Given data:
================

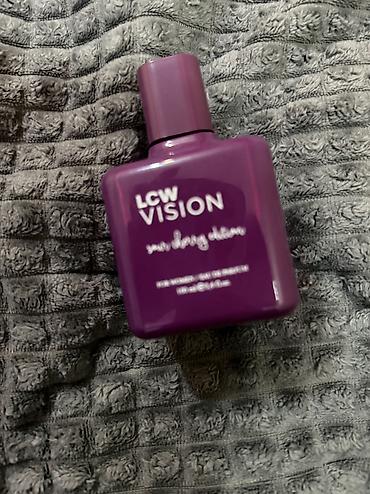 LCW Vision “Sour Cherry Edition” qadın ətiri - Növ: Eau de Parfum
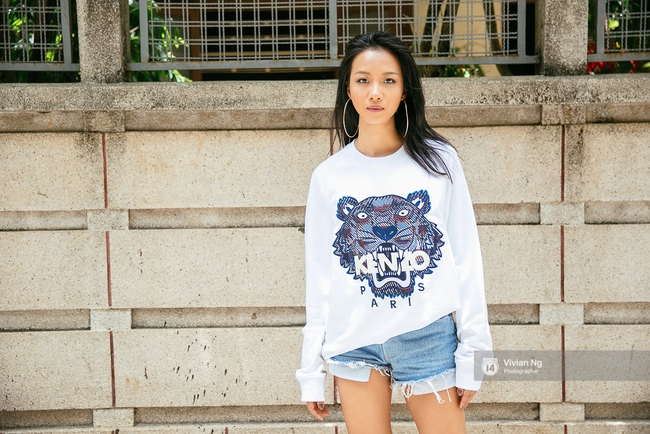 Vì sao Suboi được H&M x Kenzo chọn: Vì mình nói ít và làm nhiều! - Ảnh 9.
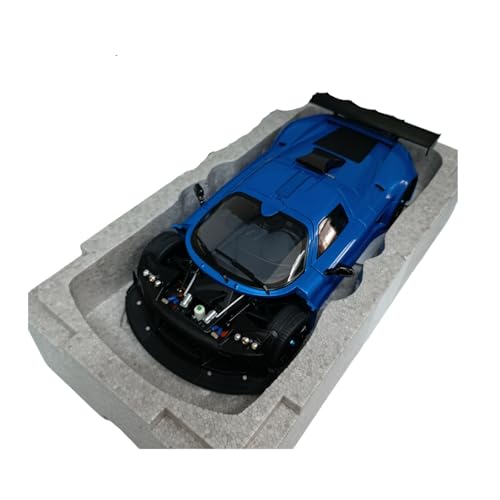 BMAONZ Miniatur Motorfahrzeug-Modelle 1:18 Für Apollo Apollo S Supersportwagen Autosammlung Legierung Automodelle Enthusiasten Ornamente Fahrzeug Fertigmodell von BMAONZ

================

Your goal: With the pictures left out, return all the material above exactly.

Answer to the problem:
 LCW Vision “Sour Cherry Edition” qadın ətiri - Növ: Eau de Parfum
 Vì sao Suboi được H&M x Kenzo chọn: Vì mình nói ít và làm nhiều! - Ảnh 9.
 BMAONZ Miniatur Motorfahrzeug-Modelle 1:18 Für Apollo Apollo S Supersportwagen Autosammlung Legierung Automodelle Enthusiasten Ornamente Fahrzeug Fertigmodell von BMAONZ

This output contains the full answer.